Family Law Department Prenuptial and Cohabitation Agreements Fact Sheets

Prenuptial and Cohabitation Agreements Fact Sheets

Part 1

Prenuptial and Cohabitation Agreements

Whilst it may not be the most idealistic or romantic start to a relationship Prenuptial and Cohabitation Agreements are an essential part of preparing for a modern relationship. People increasingly understand that these agreements are designed to give them protection in the event that things do not work out as intended. These agreements can set out in advance arrangements for your children and govern the division of finances and property in the event your relationship breaks down. These agreements will provide security and peace of mind for both of you, can protect your assets, support your estate plan and reduce conflict and save you the cost of expensive financial proceedings.

Part 2

Prenuptial Agreements

A Prenuptial Agreement is a contract entered into before marriage which outlines how a couple wish to divide their money and property should the relationship end.

Prenups are not strictly binding on the Court in the event of later divorce, but it is likely that a Prenup will be respected by the Court unless the effect of the Agreement would be deemed unfair. Judges now view these agreements as a useful indicator of the couples intentions at the time they entered into their relationship.

To do the best job of ensuring that the Court uphold the terms of the Agreement it is important to ensure the following:

  1. That there is full disclosure of your respective financial circumstances
  2. That both of you take independent legal advice on the agreement and its effects.
  3. That the Agreement is entered into in good time prior to the marriage.
  4. That there is provision for the Agreement to be reviewed in the event of a future change in circumstances – ie birth of children.
  5. That the terms of the Agreement would not cause significant injustice to the other party compared with the award a Court would make following separation.

A Prenup is a bespoke document drawn up for the two of you for your particular circumstances, so it can cover almost anything you want it to. There are certain things a couple usually think about when deciding how they would want to work things out if the marriage does not work;

  • What would happen to property either of you brought into the marriage?
  • What would happen to the family home? What would happen to any property given to you or inherited during the marriage or any income or assets derived from Trusts?
  • What would happen to money held in joint accounts and any property purchased jointly?
  • What would happen to any saved money earned during the marriage?
  • What would happen to your pensions?
  • How would you deal with any debts?
  • Would either of you pay or receive any maintenance and, if so, for how long?
  • What kind of events might require the agreement to be reviewed?
  • What kind of arrangements would you like to make for any children you have or are likely to have, both in financial and in practical terms?

Part 3

1. Cohabitation Agreements

A Cohabitation Agreement is a written document, often signed as a deed in front of witnesses.
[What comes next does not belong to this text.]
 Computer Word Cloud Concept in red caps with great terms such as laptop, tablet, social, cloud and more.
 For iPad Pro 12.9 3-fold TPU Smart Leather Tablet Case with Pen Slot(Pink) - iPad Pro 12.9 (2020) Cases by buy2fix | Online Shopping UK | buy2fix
It will generally deal with:

  • Who owns (and owes) what at the time of the agreement, and in what proportions
  • What financial arrangements have you decided to make while you are living together, and
  • How property, assets and income should be divided if you split up.

Where the Agreement is properly drawn up, the terms are reasonable, and each of you has had separate independent legal advice on its effect, a Court is more likely to uphold the Agreement in the event of a dispute.

2. Why Should I Make A Cohabitation Agreement?

Unlike on divorce there is no particular set of rules that automatically applies if you split up with someone that you have been living with. There is no such thing as “Common Law Marriage”. Living with someone for a certain period of time does not mean that you are automatically entitled to some financial support or to share their property after you split up. Without an agreement a party can be left in a very exposed position and it is not unusual for disputes about property without an agreement becoming protracted and expensive to resolve. A good Cohabitation Agreement can mean that areas of potential dispute on separation are reduced or eliminated.